HOUSTON (Reuters) - The United Steelworkers union (USW) said a new contract offer was made by lead oil company negotiator Royal Dutch Shell Plc (RDSa.L) on Wednesday night as a strike by U.S. refinery workers ended its fourth day.
“The USW has received an offer and will respond after consideration of the offer tomorrow,” USW spokeswoman Lynne Hancock said. “I don’t know what time they will consider it. Contents of the offer will not be revealed.”
About 4,000 workers at nine plants, including seven refineries accounting for 10 percent of U.S. refining capacity, continue to walk picket lines in California, Kentucky and Texas.
In a text message to members seen by news media late on Wednesday, the USW said: “minimal progress today.”
Asked about the offer, a Shell spokesman simply said the two sides had continued negotiations on Wednesday.
The two camps have been in a stalemate since the USW called walkouts early on Sunday, saying Shell had left the negotiating table when talks broke down.
The talks have been tougher than in years past. A drop of more than 50 percent in oil prices since June has eroded profits at major oil companies, prompting executives to say they cannot afford to lift wages for workers.
Further walkouts may be ordered at some of the other refineries and chemical plants the USW represents if there is no progress in the talks, the union has said.
The union represents a total of 63 refineries accounting for two-thirds of national crude oil refining capacity.
Also on Wednesday, two of the refineries affected by the strike, Tesoro Corp’s TSO.N Los Angeles-area refinery in Carson, California, and Marathon Petroleum Corp’s (MPC.N) Galveston Bay Refinery in Texas City, Texas, reported leaks to regulators.
A Marathon spokesman said emergency responders in Texas City were notified of the leak as a precaution.
Marathon Chief Executive Gary Heminger, whose company owns two of the refineries where workers are on strike, deferred to Shell as the lead negotiator regarding any comment, calling the talks a “delicate situation.”
Since bargaining first started on Jan. 21, the union has rejected five offers from Shell.
The union is seeking annual pay increases of 6 percent, double the size of those in the last agreement. It also wants work that has been given in the past to non-union contractors to start going to USW members, a tighter policy to prevent workplace fatigue and reductions in members’ out-of-pocket payments for healthcare.
The USW has also said the issues directly affect the safety of refinery workers.

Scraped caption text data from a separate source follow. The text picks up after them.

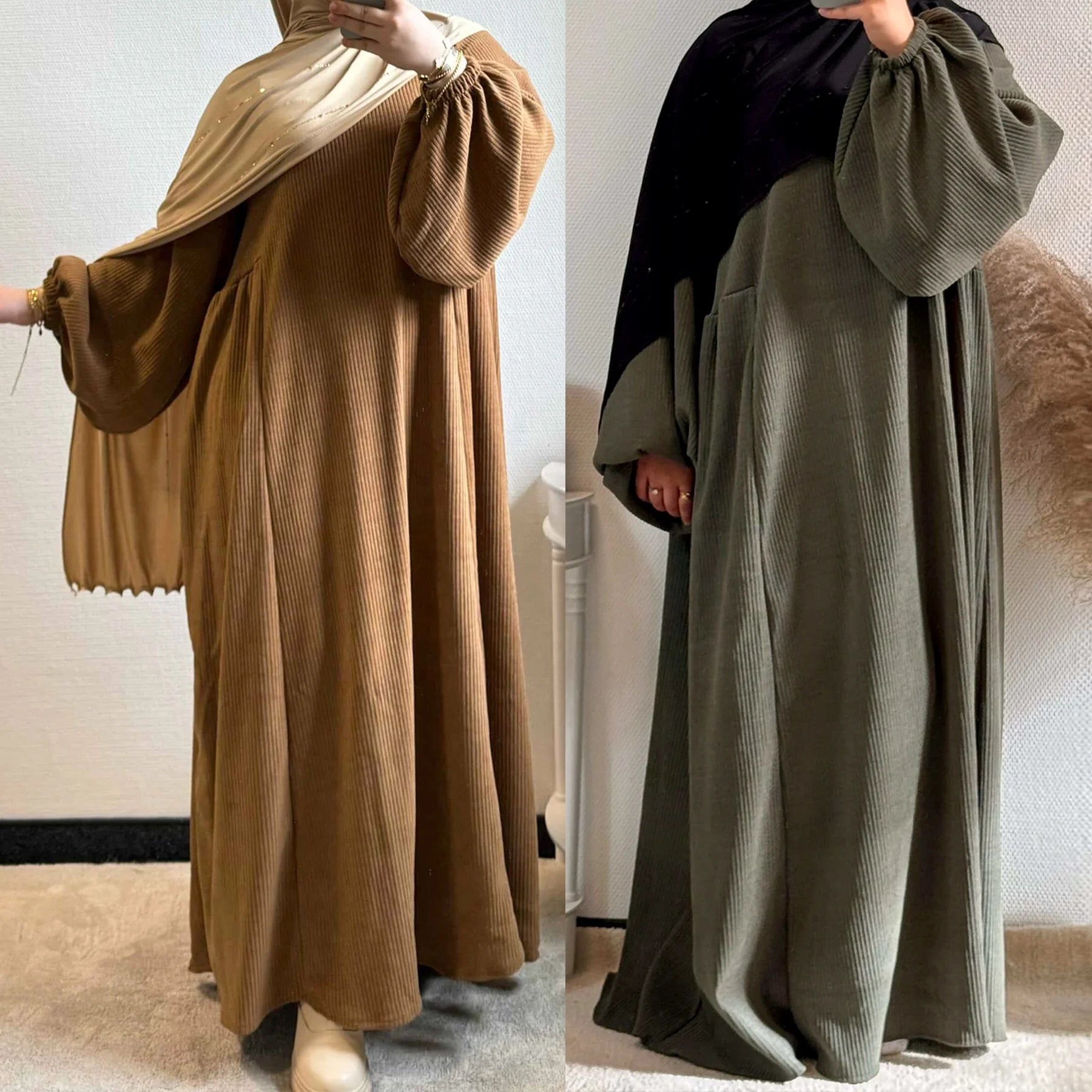 Elegant Warm Corduroy Abaya - Ergosalah - Ergonomic padded prayer mat for knee support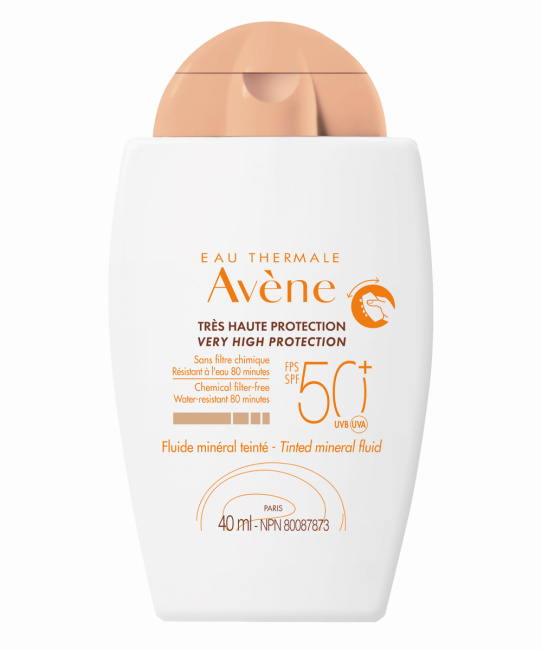 AVENE Солнцезащитный флюид для лица и тела с тонирующим эффектом высокая степь защиты SPF 50+, 40мл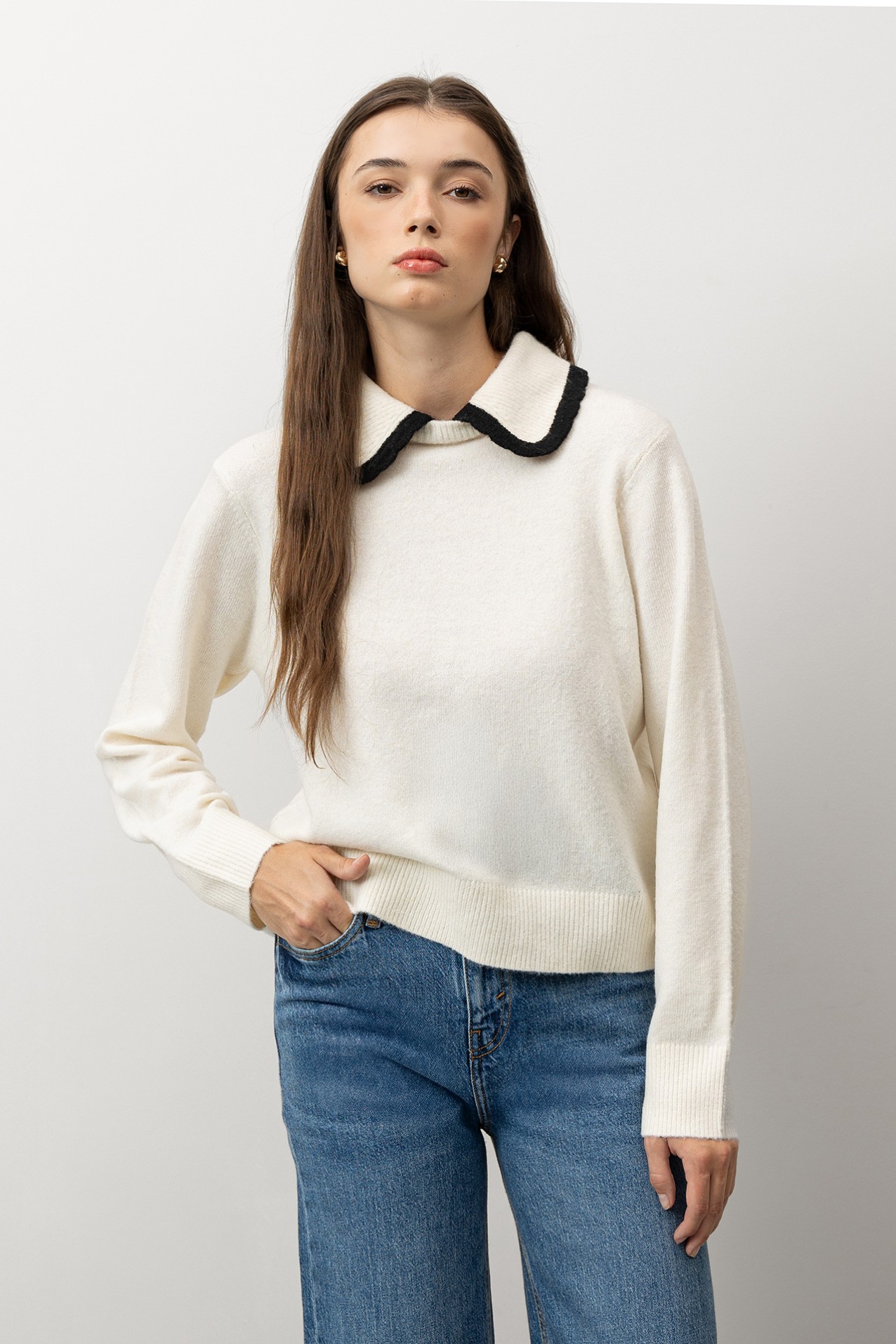 Cream Sweater with Black Collar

While acknowledging that upstream businesses have been hurt, labor leaders say independent refiners and the refining units of integrated companies have been posting big profits thanks to cheap prices for U.S. crudes they turn into gasoline and diesel.
The walkouts are in support of a nationwide pact that would cover 30,000 workers and mark the industry’s first big strike since 1980.
Most of the affected refineries are being run near normal by managers, retirees and others from non-union plants brought in to replace workers.
“We were very well prepared,” Heminger said on a results call. “We would expect to have very strong operations.”
One plant owned by Tesoro Corp TSO.N was shutting down due to maintenance work already under way.
While refiners are promising little or no disruption to production, wholesalers and others have snapped up supplies.
The strike helped lift gasoline futures RBc1 early in the week, though prices were down about 6 percent on Wednesday below $1.51 a gallon.